- [What the task requires] For this exercise, return all the data word for word, with images left out.

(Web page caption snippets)

------------------------------------------------------------

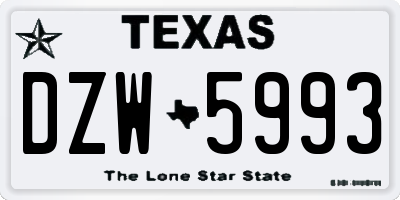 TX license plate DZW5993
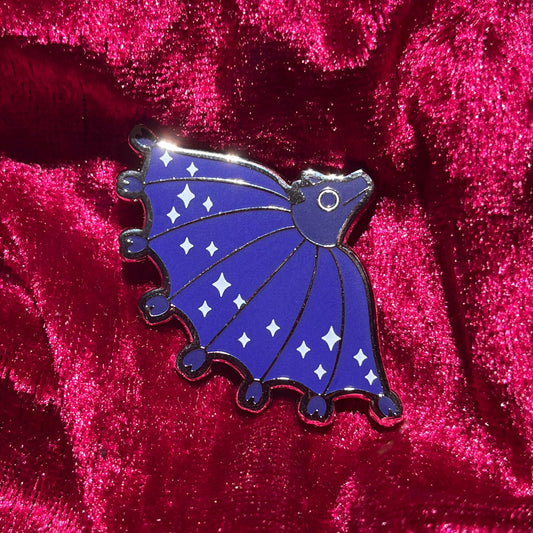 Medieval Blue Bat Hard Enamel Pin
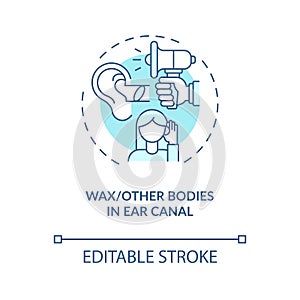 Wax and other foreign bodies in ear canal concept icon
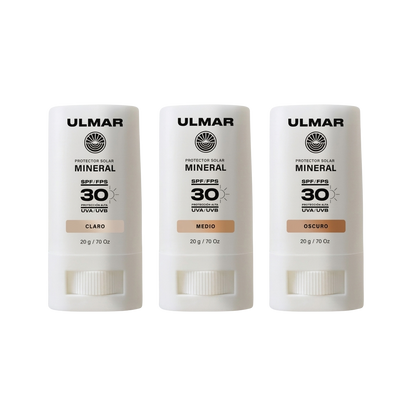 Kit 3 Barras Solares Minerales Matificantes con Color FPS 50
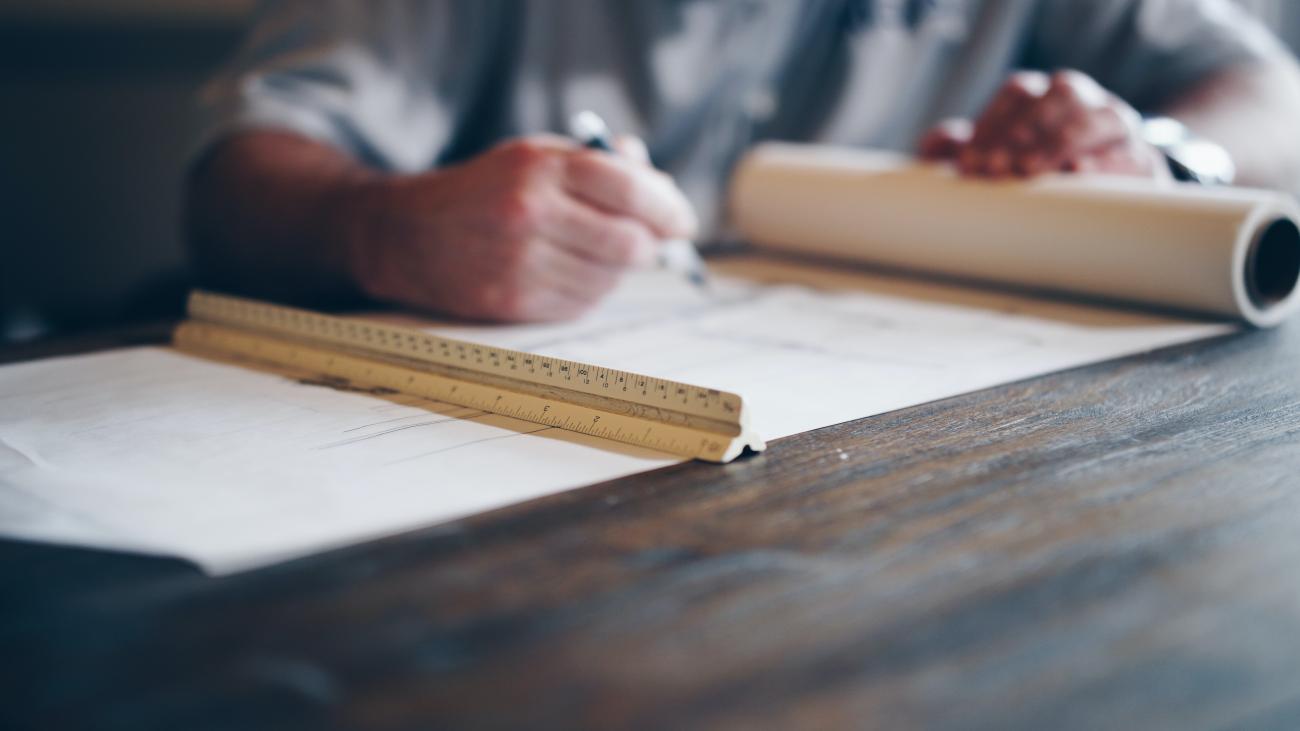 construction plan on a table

------------------------------------------------------------

- [Problem solution]
 TX license plate DZW5993
 Medieval Blue Bat Hard Enamel Pin
 Wax and other foreign bodies in ear canal concept icon
 Kit 3 Barras Solares Minerales Matificantes con Color FPS 50
 construction plan on a table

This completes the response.